La singularité de Félix Vallotton s’exprime avant tout par sa diversité. Ce paradoxe résume assez bien l’esprit de l’exposition consacrée à cet artiste tourmenté à la carrière éclectique.
Suisse émigré à Paris, Vallotton s’illustre rapidement comme graveur et dessinateur pour La Revue blanche. Ses gravures témoignent de l’acuité du regard que portait sur son temps cet engagé politique invétéré. Il aborde d’ailleurs avec la même agressivité vie publique et vie privée : la série de scènes d’intérieur (Intimités), d’une troublante modernité, recrée l’atmosphère confinée et étouffante liée, pour Vallotton, aux rapports hommes/femmes.

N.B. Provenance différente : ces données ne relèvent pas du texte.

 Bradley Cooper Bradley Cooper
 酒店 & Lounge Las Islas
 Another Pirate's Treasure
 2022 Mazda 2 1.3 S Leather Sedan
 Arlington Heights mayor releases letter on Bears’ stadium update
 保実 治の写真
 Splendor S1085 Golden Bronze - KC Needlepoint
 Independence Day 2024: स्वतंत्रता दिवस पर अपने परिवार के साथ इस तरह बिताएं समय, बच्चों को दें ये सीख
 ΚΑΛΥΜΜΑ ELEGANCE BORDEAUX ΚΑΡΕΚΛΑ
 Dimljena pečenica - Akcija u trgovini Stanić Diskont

Inscrit à l’académie Julian, il y rencontre ses amis Pierre Bonnard, Paul Sérusier, Kerr-Xavier Roussel et Maurice Denis. Ces émules de Gauguin cherchent à se démarquer de l’impressionnisme en créant un nouveau style : le synthétisme, caractérisé par la simplification des formes et l’aplat des couleurs. Le mouvement Nabi est né. Vallotton est l’un de ses initiateurs mais, une fois de plus, il sort du rang : on ne retrouve pas dans ses peintures la confiante chaleur d’un Bonnard. Il garde au contraire une certaine distance avec son sujet. C’est particulièrement perceptible dans ses nombreux nus. Vallotton peint effectivement le corps féminin avec une précision presque irréelle dans le modelé qui fera l’admiration de ses pairs, mais on ressent comme un manque face à ces images trop parfaites qui ne laissent filtrer aucun sentiment. En revanche, dans ses compositions mythologiques, il se réapproprie des thèmes séculaires avec une subtilité et un humour piquant. Ainsi, même la scène biblique de Suzanne, espionnée au bain par deux vieillards rougeauds, prend une dimension comique.

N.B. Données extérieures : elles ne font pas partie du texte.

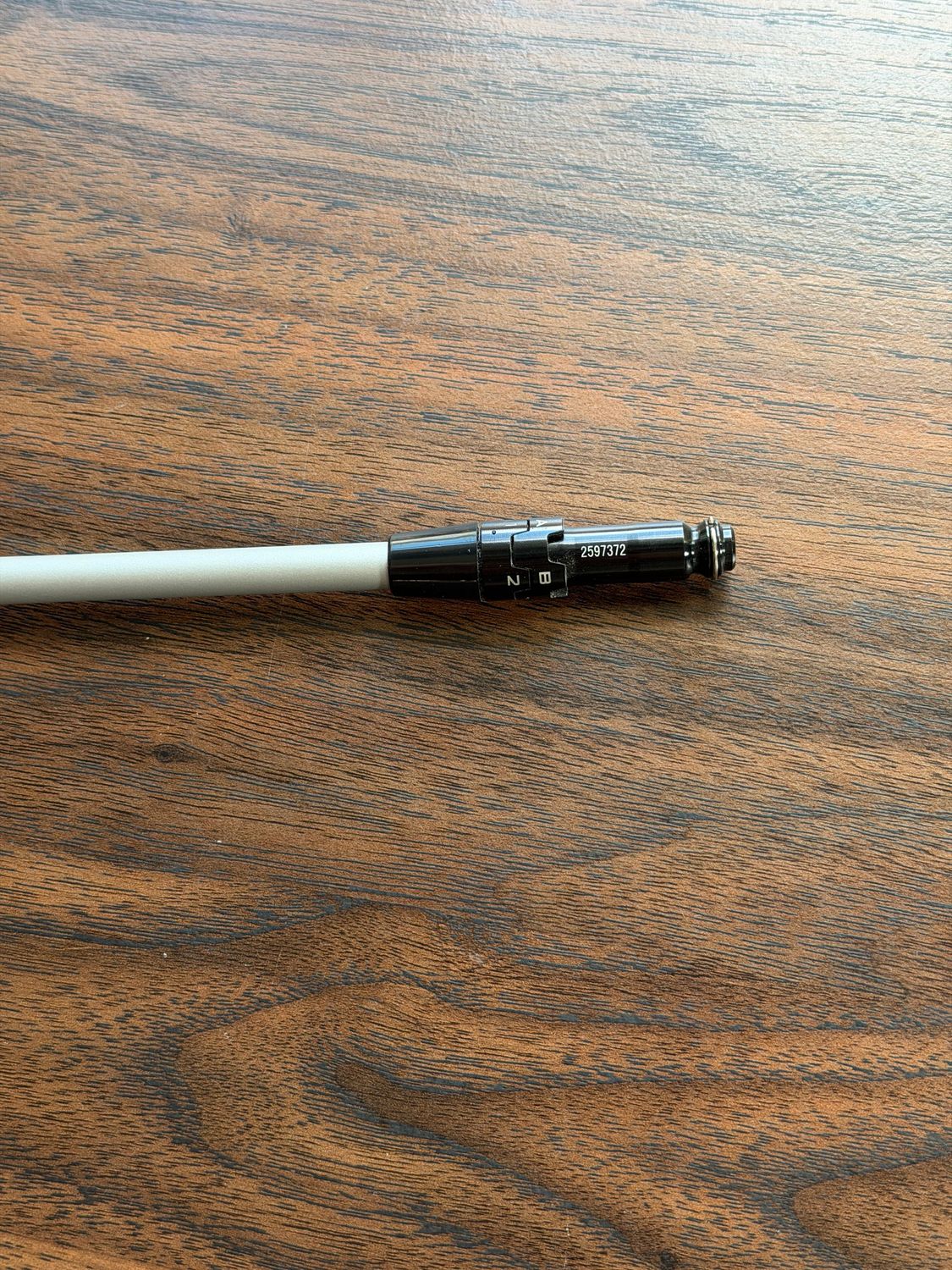 BRAVA BGT Speedlite NRG Driver Shaft (Titleist tip)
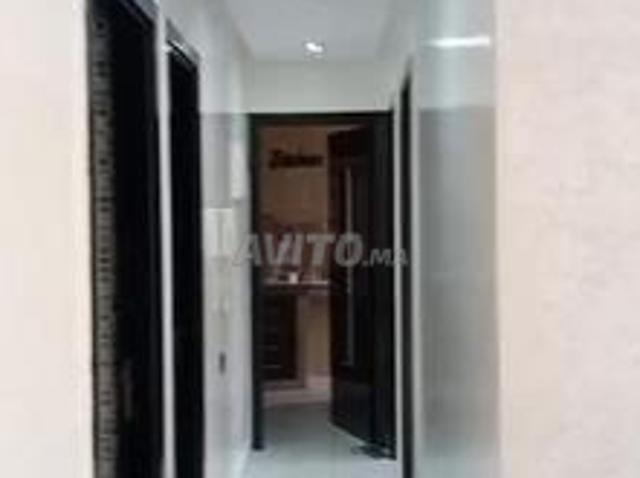 Appartement vente à Tamesna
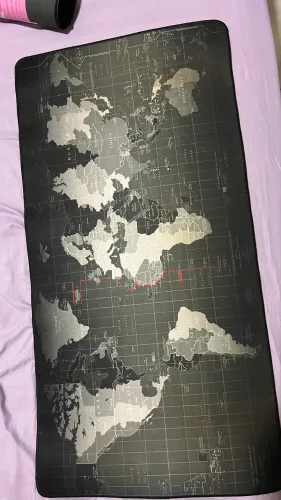 Mouse Pad 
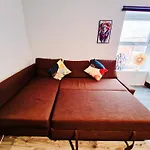 Exquisite City Centre Stay On A Prime Location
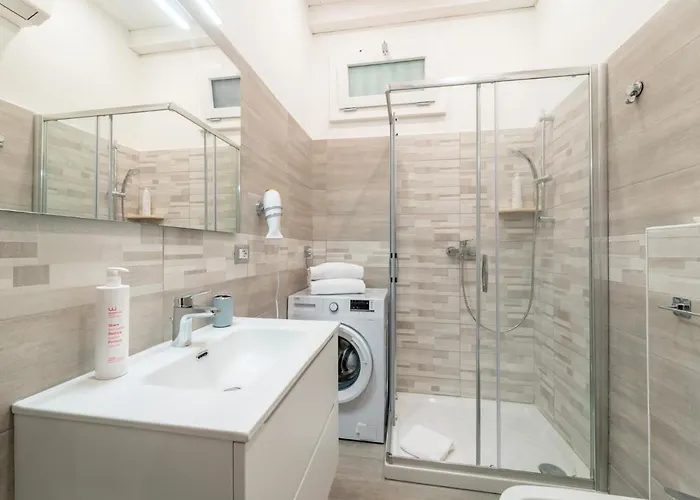 Modern At Via Carloni By Wonderful Italy Apartamento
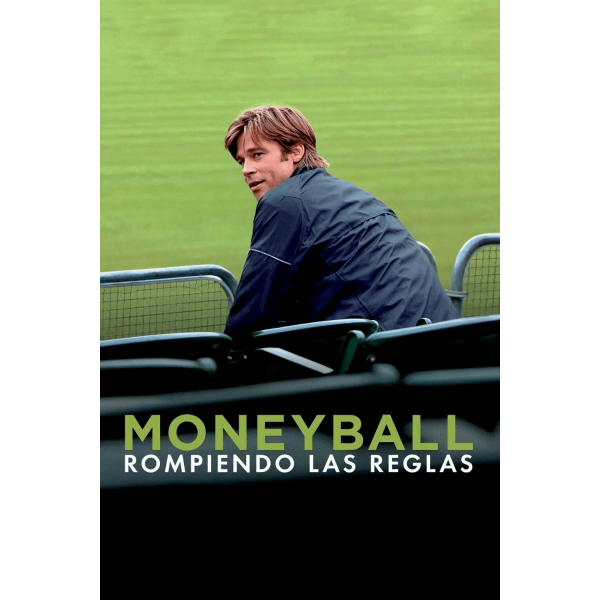 O Homem Que Mudou o Jogo - 2011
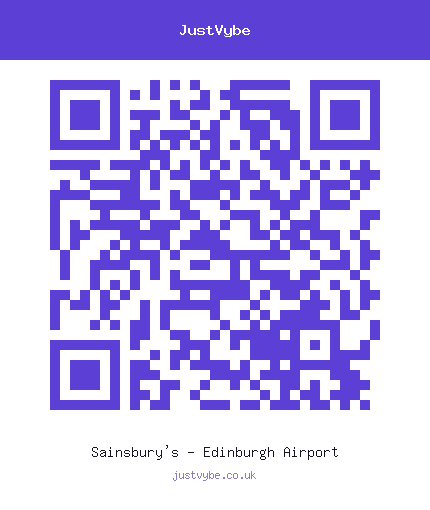QR code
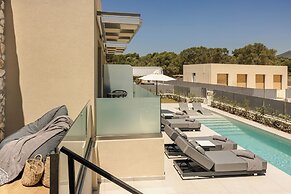 Ionian Treasure Suites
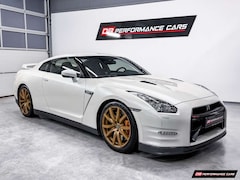 Nissan GT-R 3.8l Black Edition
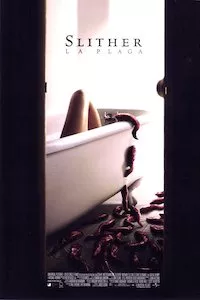 Image Slither: La plaga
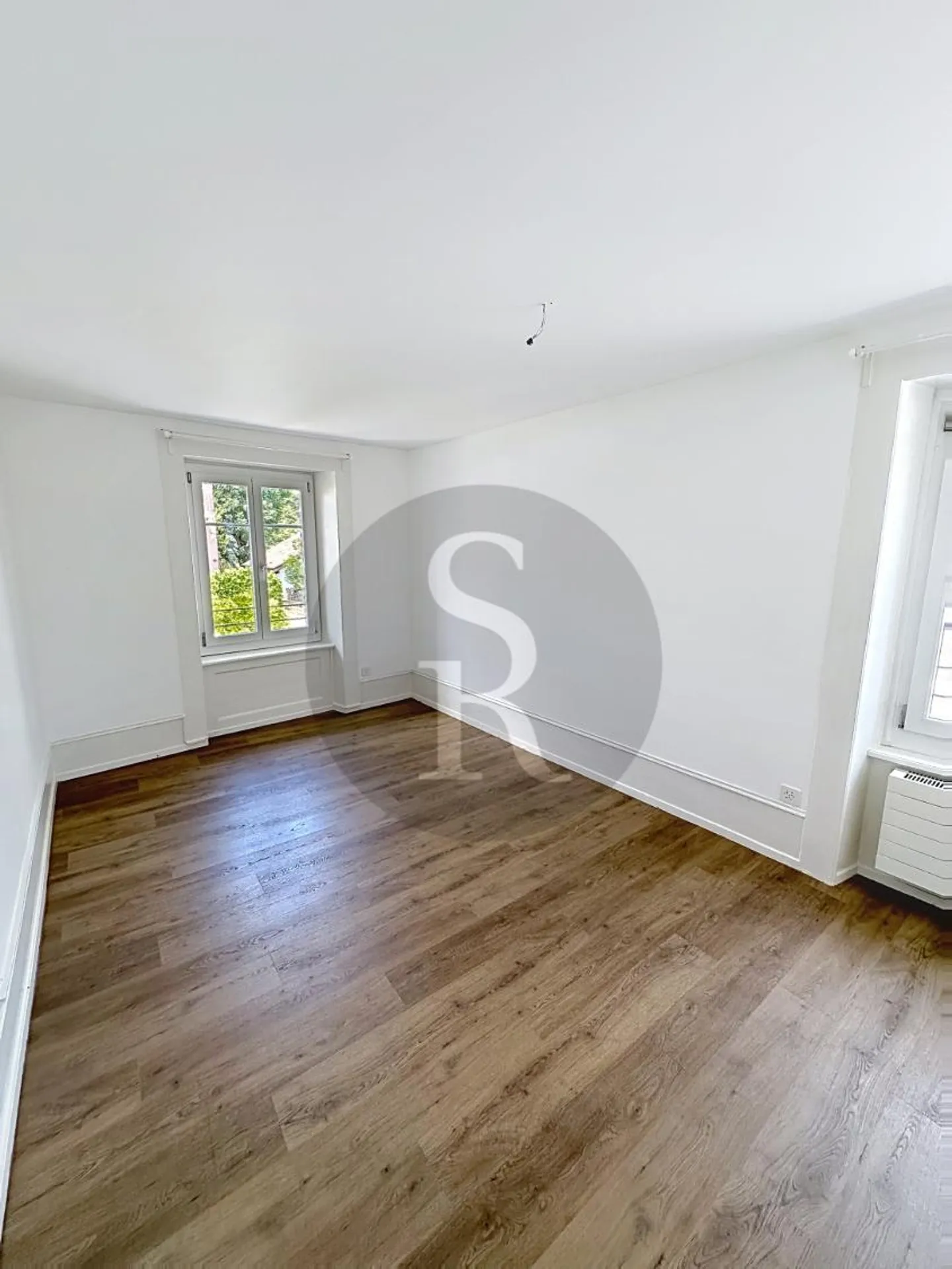 6-Zimmer-Wohnung - Foto 6 von 9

Comme s’il craignait de lasser, Vallotton se renouvelle sans cesse. Après les scènes de batailles d’une intensité dramatique exceptionnelle, peintes de retour d’un séjour sur le front, il trouve l’apaisement et livre des paysages épurés qui semblent être l’aboutissement de ses expériences passées. Ses bords de Loire dégagent un calme irréel, magique, où l’on sent enfin pointer l’optimisme.

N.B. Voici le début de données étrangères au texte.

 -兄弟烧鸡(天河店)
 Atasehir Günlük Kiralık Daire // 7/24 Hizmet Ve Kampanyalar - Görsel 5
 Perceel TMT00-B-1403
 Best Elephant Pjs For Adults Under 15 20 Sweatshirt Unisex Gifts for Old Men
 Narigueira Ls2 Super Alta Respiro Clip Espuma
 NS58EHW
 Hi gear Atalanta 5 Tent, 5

Eternel insatisfait, touche-à-tout, Vallotton est multiple. Déroutant aussi, puisque sa peinture n’a cessé d’évoluer et qu’il s’est essayé à des styles et à des techniques aux antipodes les uns des autres. A tel point qu’en parcourant les salles de cette exposition, on en vient à douter que toutes ces œuvres soient du même artiste. C’est pourquoi il est sans doute impossible de les aimer ou de les détester toutes. C’est précisément dans cette capacité à éveiller l’intérêt de personnalités différentes que réside la singularité de Vallotton.